Nous souhaitons vous entendre sur cette question, Madame le Premier Ministre, car elle est pour nous un point central où se joue ou non le gâchis de l’espérance. Oui, deux cents gourdes par jour, et on nous brandit le spectre de l’inflation et de la délocalisation. Mais le vrai problème, n’est-il pas plutôt dans la persistance d’une exploitation outrancière qui n’a que trop duré ? La bible « économiciste » des sentiers trop longtemps battus qui ont depuis toujours régulé le rapport d’exploitation dans notre société, ne peut plus faire recette dans notre société et pour la jeunesse de ce pays. On ne peut garantir la cohésion du tissus social, lorsque l’on entend, parmi ceux-là mêmes qui nous brandissaient l’étendard d’un nouveau contrat social, refuser à nos parents, nos ami(e)s, nos frères, nos sœurs, nos cousin(e)s, somme toute, les plus vulnérables d’entre nous, la pitance de deux cents gourdes pour toute une journée de labeur pour des motifs de profit grossiers et d’idéologie de marché la plus cupide. Comment penser un contrat social avec des gens qui peuvent dépenser au moins cinq cents gourdes par jour rien que pour l’essence de leur voiture, mais qui refusent deux cents gourdes comme niveau de vie aux plus fragiles de notre société ? Comment penser la cohésion sociale dans notre société lorsqu’elle reste rongée par l’exploitation insupportable des plus avares ?

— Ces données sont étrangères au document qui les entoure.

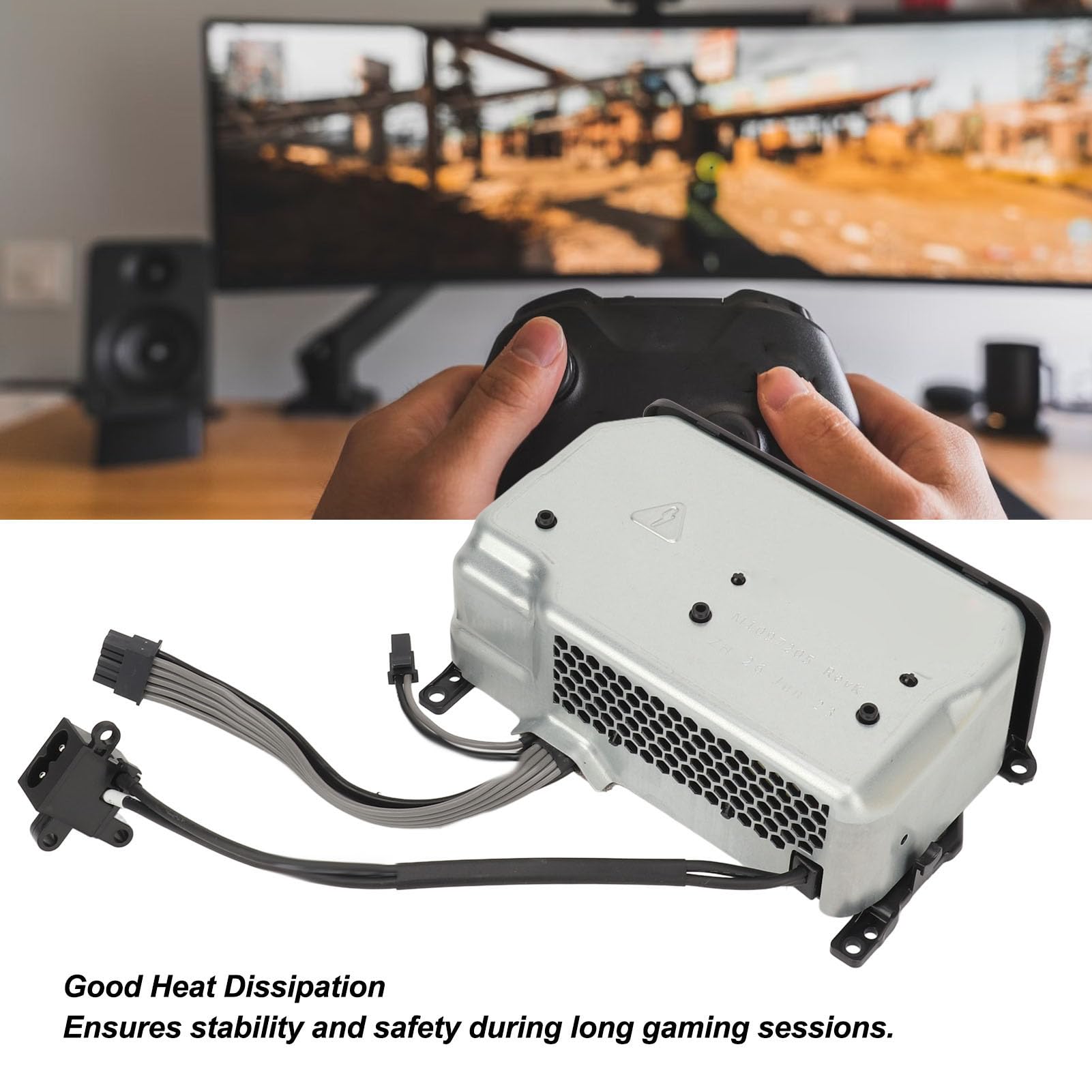 Potężny Zasilacz do Konsoli do Gier dla Xbox Series X z Energooszczędnym, Dobrym Zamiennikiem Odprowadzania Ciepła 100 do 127 V 200 do 240 V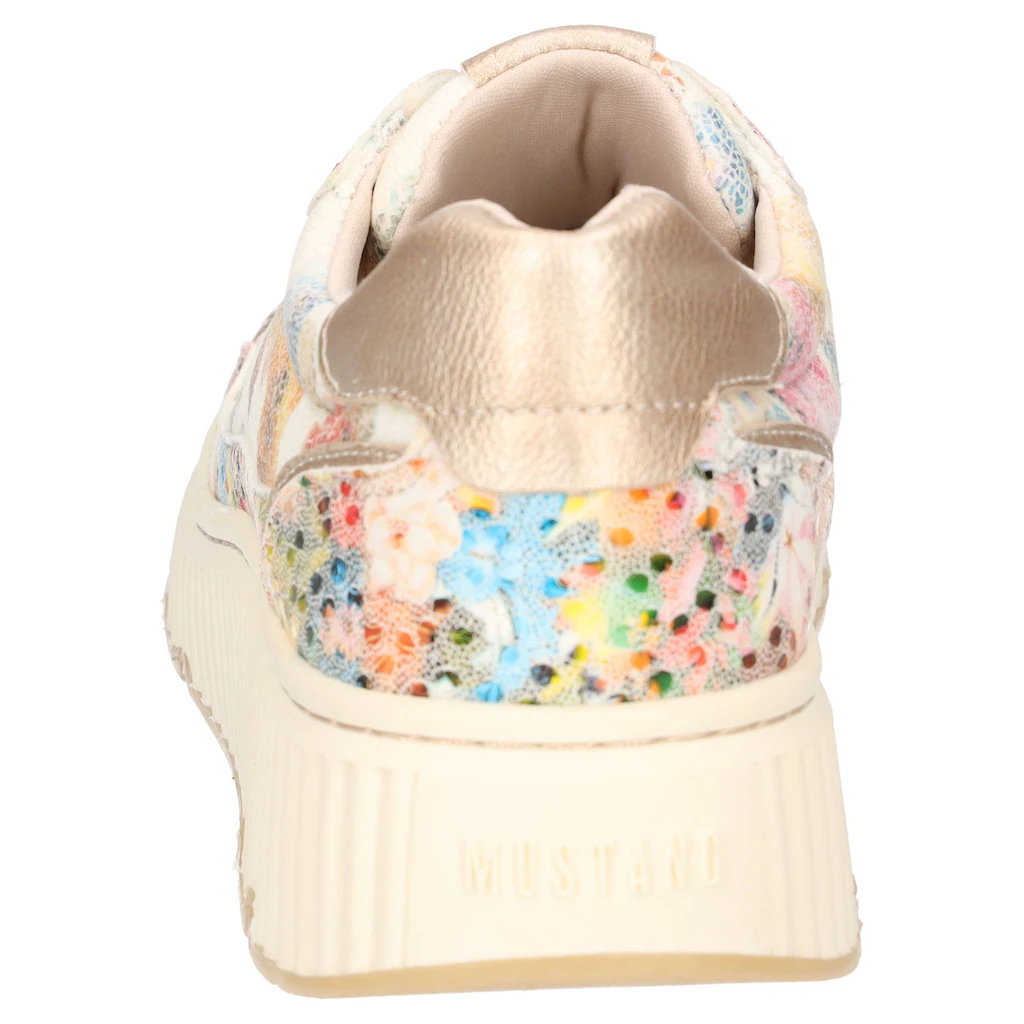 Mustang Shoes Sneaker Pride Sneaker Schnürschuh mit bunten Metallic-Besätzen Neueste Mode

En fait, Madame le Premier Ministre, la crise dans laquelle l’irresponsabilité de la Présidence est sur le point de conduire, vient se greffer sur le déboire social séculaire de ceux dont on estime aujourd’hui la force de travail en deçà du misérable prix de deux cents gourdes. Le terrain sur lequel s’insère cette crise est un terrain miné. La colère va monter encore d’un cran. N’avons-nous rien appris des récents événements en Guadeloupe, où des ouvriers, des étudiants, des citoyens se sont soulevés contre une exploitation tout aussi arrogante ? Ainsi, nous faisons-nous le devoir d’en appeler à votre attention, car nous savons que ces dernières années vous avez thématisé mieux que quiconque, et déploré à juste titre, cette pulsion de destruction aveugle qui meut la société haïtienne, lorsque, pour affronter certains problèmes sociaux nous nous livrons au « kraze brize ». Ce reflexe, comme vous avez bien su le démontrer, est apparu avec la naissance même de la nation : « au premier coup de canon, les villes disparaissent… ». Néanmoins, cette façon d’habiter Haïti en étranger, cette façon d’être haïtien comme si Haïti ne nous appartenait pas, n’est pas un reflexe nu de toute pesanteur de l’histoire. Elle est la conséquence des injustices qui ont ponctué notre devenir Haïtien, depuis le temps de l’État esclavagiste jusqu’au présent de cet État qu’on veut préserver en modèle d’État-patron.

Madame le Premier Ministre, vous qui avez emporté notre suffrage moral en vertu de votre constant appel à la transcendance pour le renouveau de ce pays, vous qui préconisez l’adoption d’un nouveau paradigme dans les affaires tant nationales qu’internationales, nous ne pouvons qu’espérer que votre position, dans cette brèche particulière ouverte par cette loi que nous baptisons ‘la loi de l’équité minimale’, nous donnera l’occasion de vous renouveler notre confiance.

Patriotiquement,
Josué Pierre Dahomey
Fritz Calixte
Marie Ensie Paul
Stéphane Alix
James Darbouze

Port-au-Prince, New York, Paris, Genève, Montréal
7 juin 2009

[1] Les auteurs de cette lettre avaient appuyé la nomination de M. Pierre-Louis comme Premier Ministre en 2008 et pris position contre une campagne de dénigrement sur le chef de gouvernement désigné.